The real value of any sentiment analysis technique for the research community corresponds to the results that can be reproduced with it, not in the results its original authors reportedly obtained with it. To evaluate this real value, we have implemented eleven selected approaches as closely as we could, based on their descriptions in the original papers, and tested them on the same two corpora. In the majority of the cases, we obtained lower results than those reported by their corresponding authors. We attribute this mainly to the incompleteness of their descriptions in the original papers. In some cases, though, the methods were developed for a specific domain, so in such cases, comparison on our test corpora may not be fair. A lesson learnt was that for a method to be useful for the research community, authors should provide sufficient detail to allow its correct implementation by the reader.
According to our results, the approach proposed by Singh et al. [52] outperforms other approaches. However, this approach is computationally expensive and has been tested only on English language data. The least accurate approaches of those that we considered were the ones proposed by Zhu et al. [73], Habernal et al. [23], and Mizumoto et al. [34].
The main problem of multilingual sentiment analysis is the lack of lexical resources [18]. In our future work, we are planning to develop a multilingual corpus, which will include Persian, Arabic, Turkish, and English data, and compare a range of state-of-the-art methods.
References
Agarwal B, Poria S, Mittal N, Gelbukh A, Hussain A. Concept-level sentiment analysis with dependency-based semantic parsing: a novel approach. Cogn Comput. 2015;7(4):487–99.
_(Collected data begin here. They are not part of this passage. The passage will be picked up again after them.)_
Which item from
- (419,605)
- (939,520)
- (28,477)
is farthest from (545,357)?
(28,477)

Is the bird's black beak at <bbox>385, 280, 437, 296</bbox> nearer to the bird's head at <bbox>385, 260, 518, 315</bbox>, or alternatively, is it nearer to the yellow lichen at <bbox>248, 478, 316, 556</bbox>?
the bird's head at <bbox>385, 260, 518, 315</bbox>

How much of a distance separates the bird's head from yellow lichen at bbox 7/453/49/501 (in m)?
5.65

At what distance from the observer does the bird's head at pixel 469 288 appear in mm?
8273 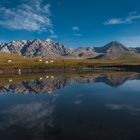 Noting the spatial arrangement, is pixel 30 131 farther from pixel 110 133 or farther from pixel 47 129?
pixel 110 133

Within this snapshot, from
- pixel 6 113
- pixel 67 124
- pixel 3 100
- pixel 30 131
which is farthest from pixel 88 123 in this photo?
pixel 3 100

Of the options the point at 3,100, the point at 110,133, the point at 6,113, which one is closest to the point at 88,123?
the point at 110,133

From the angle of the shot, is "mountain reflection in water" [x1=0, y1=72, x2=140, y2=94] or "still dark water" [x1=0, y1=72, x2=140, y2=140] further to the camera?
"mountain reflection in water" [x1=0, y1=72, x2=140, y2=94]

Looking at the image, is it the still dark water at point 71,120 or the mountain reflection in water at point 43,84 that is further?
the mountain reflection in water at point 43,84

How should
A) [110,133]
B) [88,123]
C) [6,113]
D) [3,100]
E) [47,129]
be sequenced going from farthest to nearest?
[3,100]
[6,113]
[88,123]
[47,129]
[110,133]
Ahmad K, Cheng D, Almas Y. Multi-lingual sentiment analysis of financial news streams. In: Proceedings of the 1st international conference on grid in finance; 2006.
Al-Ayyoub M, Essa SB, Alsmadi I. Lexicon-based sentiment analysis of arabic tweets. Int J Soc Netw Min. 2015;2:101–14.
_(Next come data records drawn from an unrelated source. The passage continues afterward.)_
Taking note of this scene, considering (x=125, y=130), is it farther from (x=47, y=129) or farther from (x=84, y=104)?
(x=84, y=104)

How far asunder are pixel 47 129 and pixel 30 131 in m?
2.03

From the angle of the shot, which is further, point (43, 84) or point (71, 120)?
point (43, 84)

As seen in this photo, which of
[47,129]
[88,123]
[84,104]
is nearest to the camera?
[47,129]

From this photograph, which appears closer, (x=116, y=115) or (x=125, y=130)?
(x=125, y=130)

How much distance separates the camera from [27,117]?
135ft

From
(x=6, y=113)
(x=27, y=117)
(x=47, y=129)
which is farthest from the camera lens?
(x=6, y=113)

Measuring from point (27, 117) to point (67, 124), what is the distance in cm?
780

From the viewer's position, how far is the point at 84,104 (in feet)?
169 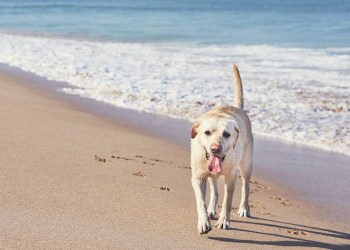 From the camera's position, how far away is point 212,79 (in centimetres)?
1584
Balahur A, Turchi M. Multilingual sentiment analysis using machine translation? In: Proceedings of the 3rd workshop in computational approaches to subjectivity and sentiment analysis. Association for Computational Linguistics; 2012, p. 52–60.
Balahur A, Turchi M. Improving sentiment analysis in twitter using multilingual machine translated data. In: RANLP; 2013, p. 49–55.
Bautin M, Vijayarenu L, Skiena S. International sentiment analysis for news and blogs. In: ICWSM; 2008.
Berger AL, Pietra VJD, Pietra SAD. A maximum entropy approach to natural language processing. Comput Linguist. 1996;22:39–71.
Bhaskar J, Sruthi K, Nedungadi P. Enhanced sentiment analysis of informal textual communication in social media by considering objective words and intensifiers. In: Recent advances and innovations in engineering (ICRAIE), 2014. IEEE; 2014, p. 1–6.
Blitzer J, Dredze M, Pereira F, et al. Biographies, bollywood, boom-boxes and blenders: domain adaptation for sentiment classification. In: ACL; 2007, p. 440–47.
Boiy E, Moens M-F. A machine learning approach to sentiment analysis in multilingual Web texts. Inf Retr. 2009;12:526–58.
Cambria E, Olsher D, Rajagopal D. SenticNet 3: A common and common-sense knowledge base for cognition-driven sentiment analysis. In: AAAI, 2014, p. 1515–1521, Quebec City.
Carroll TZJ. Unsupervised classification of sentiment and objectivity in Chinese text. In: Third international joint conference on natural language processing. 2008, p. 304.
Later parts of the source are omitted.